Material provided:

++++++++++

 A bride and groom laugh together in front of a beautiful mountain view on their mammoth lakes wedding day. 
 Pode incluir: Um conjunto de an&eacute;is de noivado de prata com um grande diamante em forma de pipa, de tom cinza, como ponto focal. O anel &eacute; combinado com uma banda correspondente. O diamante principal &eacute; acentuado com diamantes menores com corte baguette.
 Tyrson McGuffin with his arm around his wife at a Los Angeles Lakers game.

++++++++++

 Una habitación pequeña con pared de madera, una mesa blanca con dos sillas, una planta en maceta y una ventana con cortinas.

++++++++++

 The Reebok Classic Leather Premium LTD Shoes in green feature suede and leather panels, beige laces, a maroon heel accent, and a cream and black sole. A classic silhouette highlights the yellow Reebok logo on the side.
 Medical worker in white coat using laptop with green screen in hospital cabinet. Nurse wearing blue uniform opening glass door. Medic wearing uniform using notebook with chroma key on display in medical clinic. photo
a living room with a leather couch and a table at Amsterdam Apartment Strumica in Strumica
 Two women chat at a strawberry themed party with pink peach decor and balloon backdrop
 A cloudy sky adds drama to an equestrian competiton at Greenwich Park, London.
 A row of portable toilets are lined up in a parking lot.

++++++++++

To do: The lines you need are those containing "leather"; find them in the records and copy them.

Answer to the problem:
 The Reebok Classic Leather Premium LTD Shoes in green feature suede and leather panels, beige laces, a maroon heel accent, and a cream and black sole. A classic silhouette highlights the yellow Reebok logo on the side.
a living room with a leather couch and a table at Amsterdam Apartment Strumica in Strumica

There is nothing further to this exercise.